Given these examples, it seems that a logic which allows for more than just the standard two possibilities of truth and falsehood might better model the inevitable unknowns and inconsistencies we are presented with as we attempt to navigate and make sense of the world.
How About the Drawbacks to a Para-Consistent Logic?
The main argument against para-consistent logic ( including dialetheism which is the type of para-consistent logic that Graham Priest argues for ) is called the 'Argument from Explosion'. This is something like a 'slippery-slope' argument. Basically if something can be said to be both true and false then anything can be argued and argument itself loses all meaning. But Priest makes clear that only some, (not all) contradictions are true. Thus dialethism is not vulnerable to the 'Argument from Explosion'.
Another argument is the 'Argument from Exclusion '. This argument claims that a sentence is only meaningful if it rules something out. Again Priest argues that dialtheism ( & also the logic of the Catuskoti ) is also protected against this argument for similar reasons as to the 'Argument from Explosion'. This dialetheism link also describes how this form of para-consistent logic is also protected from another argument known as the 'Argument from Negation'.
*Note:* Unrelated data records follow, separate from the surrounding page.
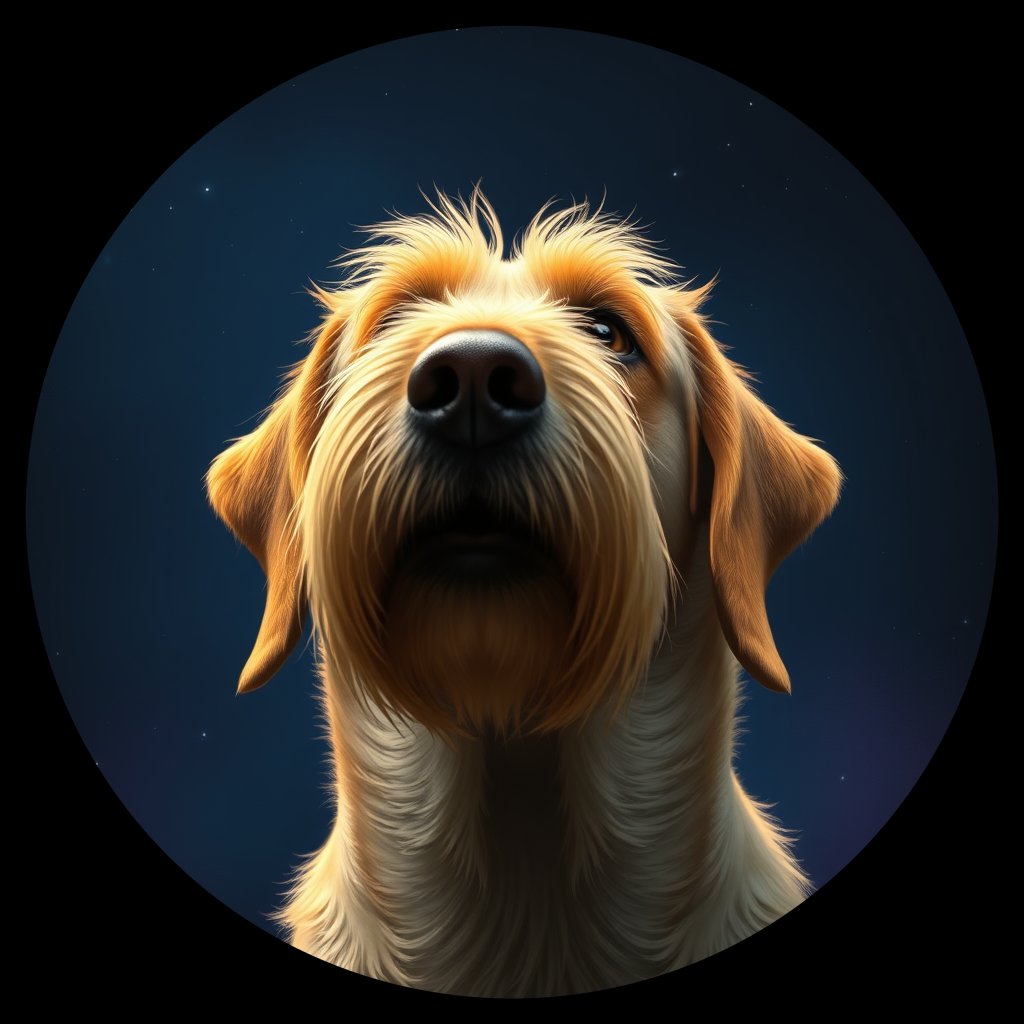 Cosmic medallion portrait of PFZ36E04_PFZ36E04, a Otterhound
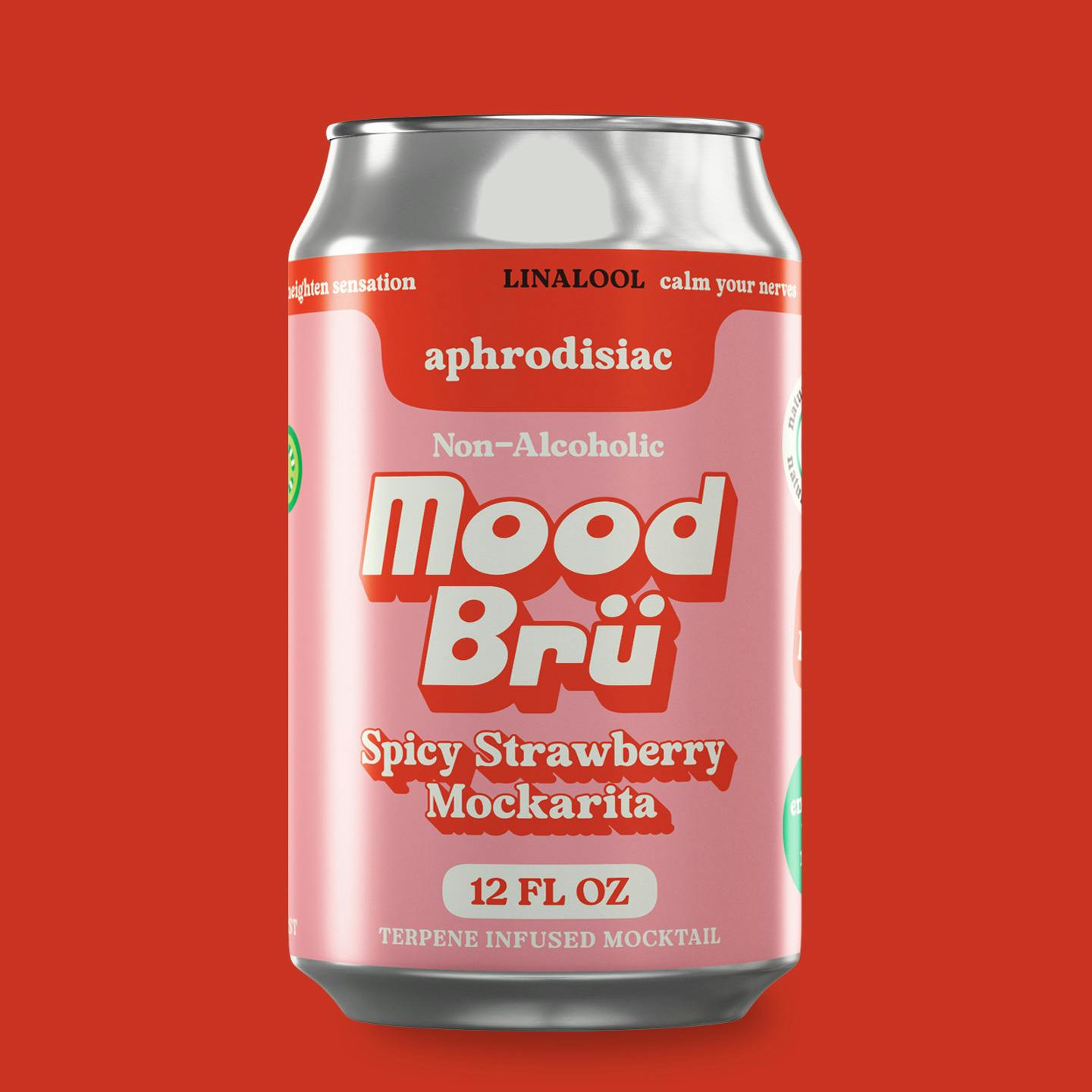 Mood Brü | Spicy Strawberry Mockarita | Terpene Infused Mocktail | Aphrodisiac | 12 Fl.Oz. Can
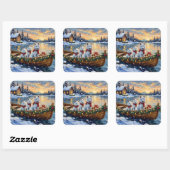 Sticker Carré White Samoyed Christmas Boat Holiday (Feuille)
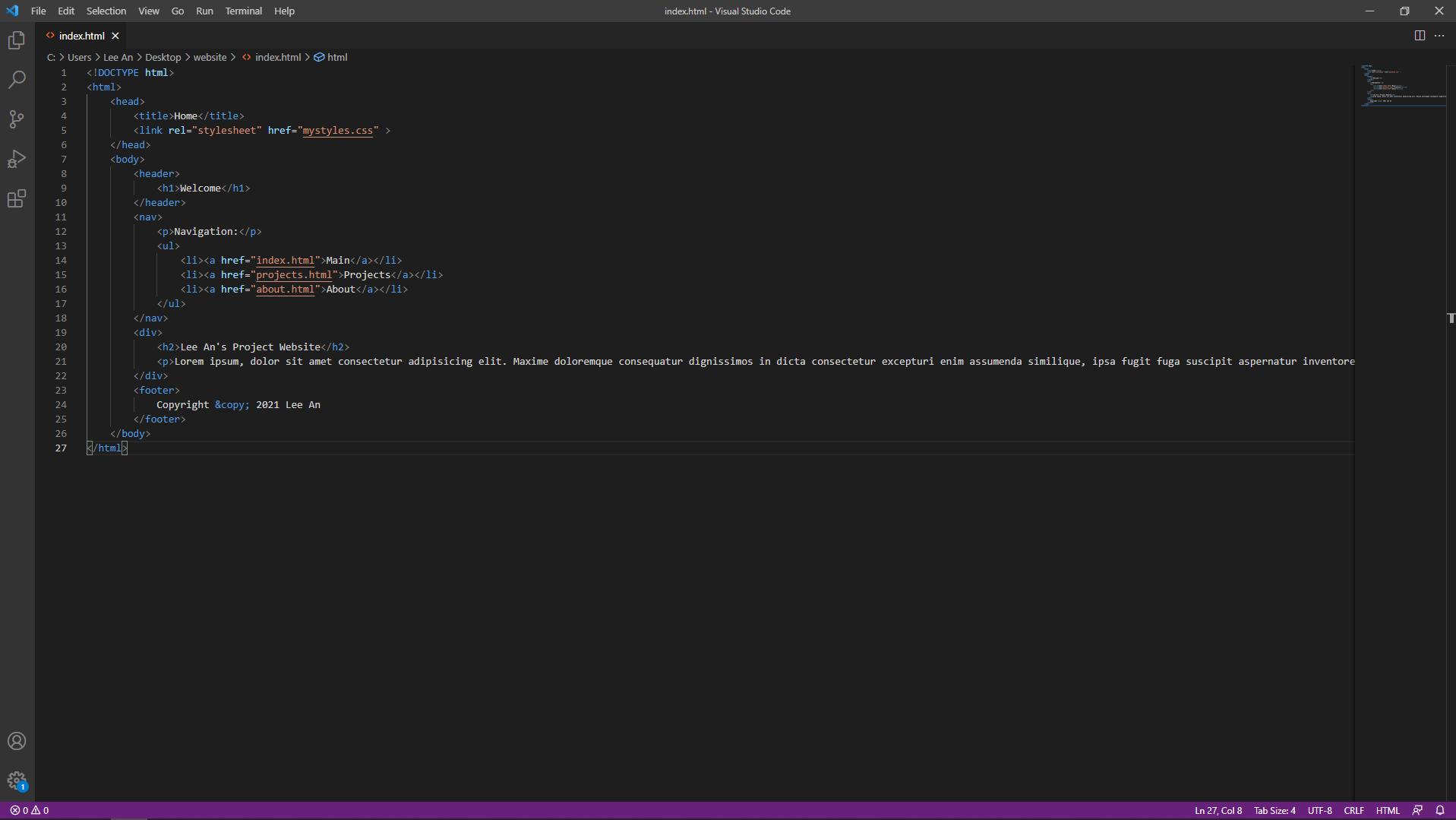basic index html code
So How Does All This Relate to the Catuskoti (the Four Possibilities)?
Interpretation of the Catuskoti is notoriously difficult, especially for those steeped in western cultural logic. In this paper (warning : requires some familiarity with logic to digest), Priest outlines his interpretation of Nagarjuna's writings on the Catuskoti. An important concept that Priest relies upon when understanding contradiction from Nagrarjuna's perspective is a Buddhist principle that distinguishes two types of reality, conventional reality and ultimate reality. Priest uses these two types of realities ( or truths ) along with the four possibilities to connect his interpretation to a many valued logic of relational semantics. In this logic 'conventional truths' are knowable but 'ultimate truths' are not. This relates to the Buddhist concepts of non-separability & emptiness whereby any thing or concept only exists in relation to some other thing or concept. Thus every thing or concept is empty of it's own pure essence and therefore must be known in context or relation to other things..
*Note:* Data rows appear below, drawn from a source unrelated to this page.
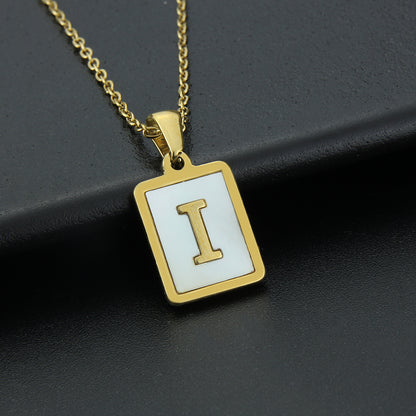 Fashion Letter Stainless Steel Inlay Shell Pendant Necklace 1 Piece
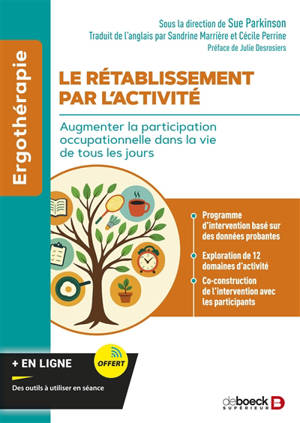 Le rétablissement par l'occupation : augmenter la participation occupationnelle dans la vie de tous les jours : programme d'intervention basé sur des données probantes, exploration de 12 domaines d'activité, co-construction de l'intervention avec les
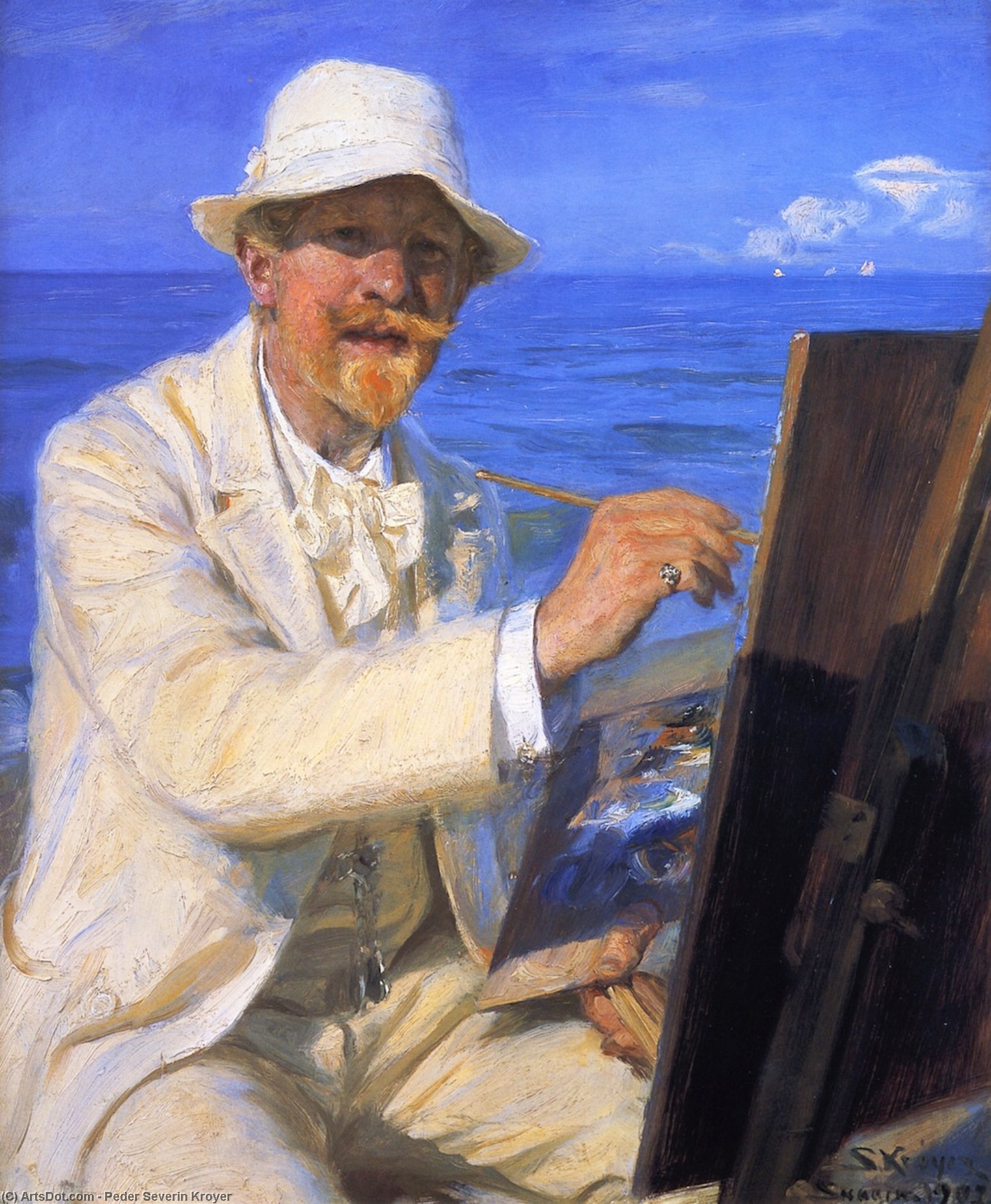 Wikioo.org - The Encyclopedia of Fine Arts - Painting, Artwork by Peder Severin Kroyer - Self-Portrait, Sitting by His Easel at Skagen Beach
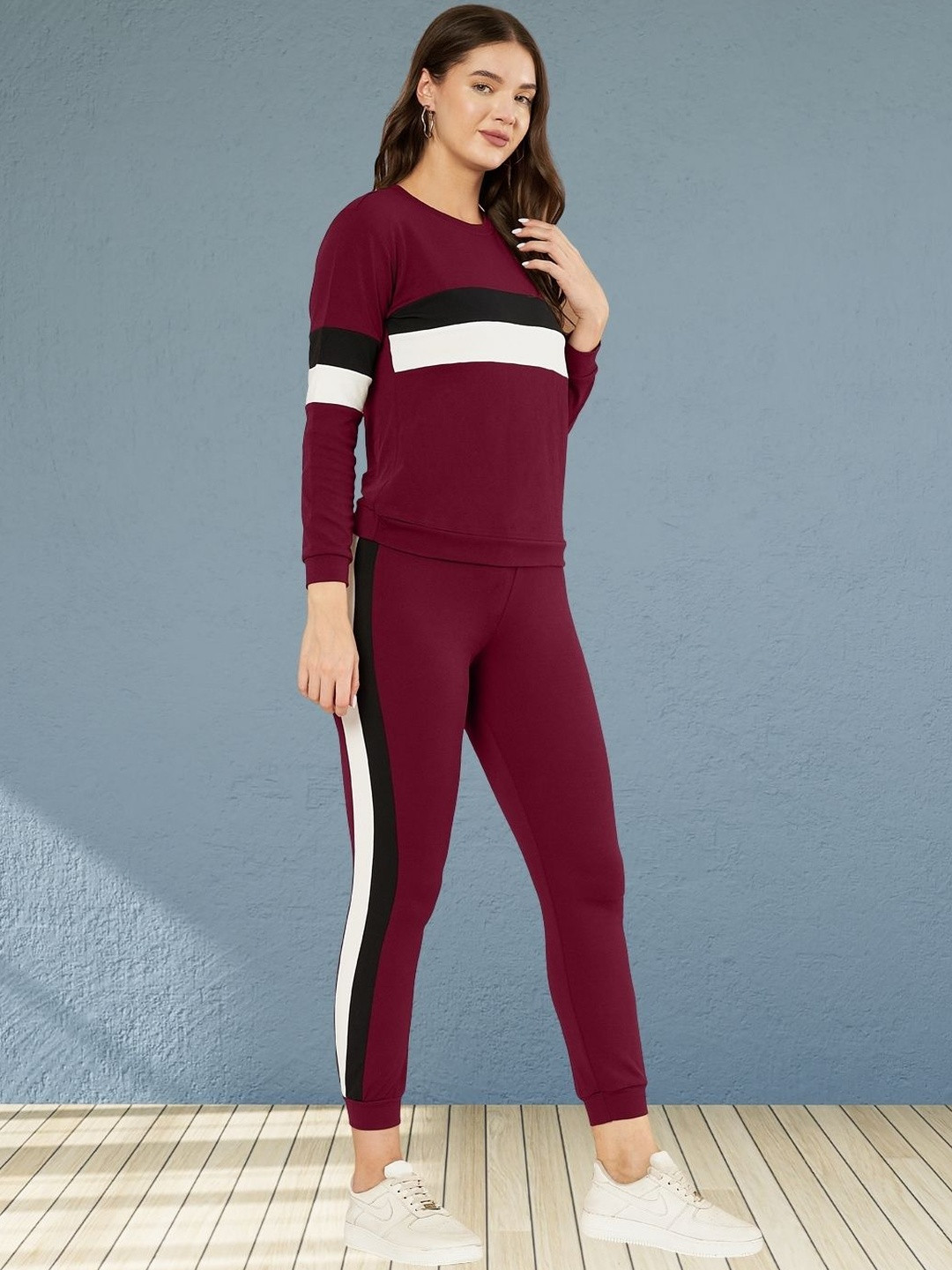 Moda Rapido Maroon Cotton Lycra Blend Styled With Front Taped Tracksuit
This also reminds me of the physicist Neils Bohr's conceptions of truth and contradiction as Bohr famously said:
"There are trivial truths and the great truths. The opposite of a trivial truth is plainly false. The opposite of a great truth is also true."I find this way of thinking about truth, contradiction and the limits of knowledge both very reasonable and of great practical importance. I believe it is easy to confuse our models or maps of the the world for the ontology of what ultimately exists. Instead of seeing these models as useful descriptions we often take them as ultimate truth. Our models can be based on subjective perceptions and beliefs or on objective science yet each of these methods tends to avoid contradiction rather then embrace it's inevitability.
On the other hand I think it is also dangerous to fall into the trap of using the inevitability of ultimate uncertainty and contradiction as a crutch to avoid the hard work of subjectively and objectively discovering that which we can. Whether from the viewpoint of an individual or a society, much of what currently is uncertain, and much of what is currently unknown is waiting to be discovered. Not all contradictions are 'true' contradictions, but it is our current uncertainties that can serve as the springboard to fill in some of those gaps.